The Wells Fargo data, which iss based on an analysis of a subset of 1.9 million eligible participants in retirement plans that the company administers, reveal that 19.2% of the people with money in a 401(k) plan had at least one outstanding loan at the end of last year.

The challenges in the current economy could be one reason more people are taking out loans, Dai said. “The unemployment rate in particular may be driving the employed spouse of a married couple to take a loan to cover expenses while the other spouse continues to look for work, for example.”

According to Wells Fargo, of the participants who took out loans, the greatest percentage were in their 50s (34.2%), followed by those in their 60s (28.9%) and then by those in their 40s (27.3%).

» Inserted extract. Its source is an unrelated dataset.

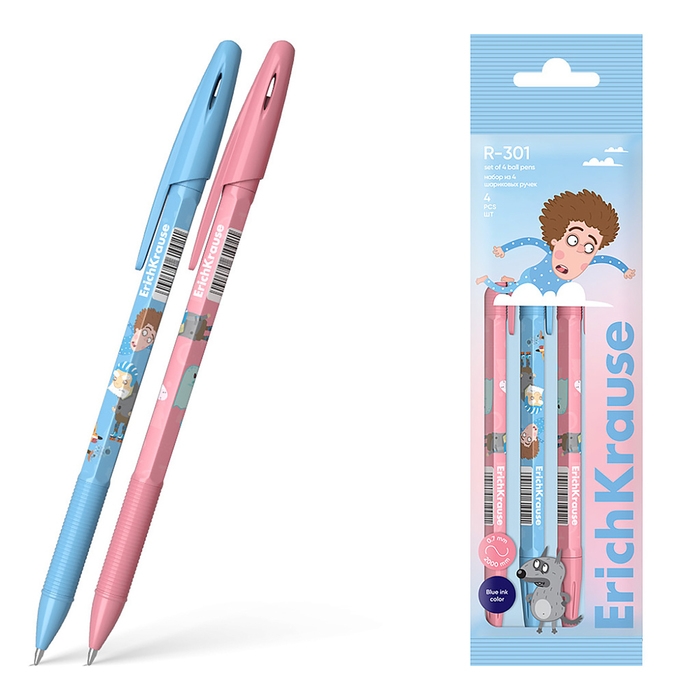 Набор ручек шариковых 4 штуки ErichKrause R-301 Stick & Grip Набор ручек шариковых 4 штуки ErichKrause R-301 Stick & Grip "Приключения Пети и Волка", узел 0.7 мм, синие, с резиновым держателем, европодвес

“One important thing to bear in mind,” Dai said, “is that older participants generally have much higher 401(k) balances than younger participants, giving them more of a resource to draw on when they do need a loan. In addition, this is the generation that is most commonly feeling the squeeze of paying for their children’s education and supporting aging parents.” 

Nevertheless, the increased loan activity among older participants was deemed “concerning” by Laurie Nordquist, director of Wells Fargo Retirement. “Those are the years when workers can start to make ‘catch-up’ contributions and really need to focus on preparing for retirement,” Nordquist said in a statement, referring to the ability of workers 50 and older to contribute an extra $5,500 to their 401(k)s in 2013, bringing their maximum contribution to $23,000.

Taking a pre-retirement 401(k) loan also may lead to tax troubles. Borrowers who lose their job or leave their company are required to pay off such a loan in full, usually within a short time period. Those who can’t repay the loan will owe income tax on the outstanding balance and possibly a 10% early withdrawal penalty.

“We can’t give advice on loans but we can help people understand how they work,” Dai said. “Typically, at the time participants are taking a loan they are most interested in understanding how a loan works and how they’ll get the money, versus focusing on what happens if the loan is not repaid and the person is terminated or leaves the company.”

Financial advisors should be sure clients know all the potential consequences of borrowing from their 401(k)s, especially right before retirement. However, based on anecdotal reports from Wells Fargo call center representatives, if participants need to access their retirement savings and don’t have other places to get the money, they are going to take the loan.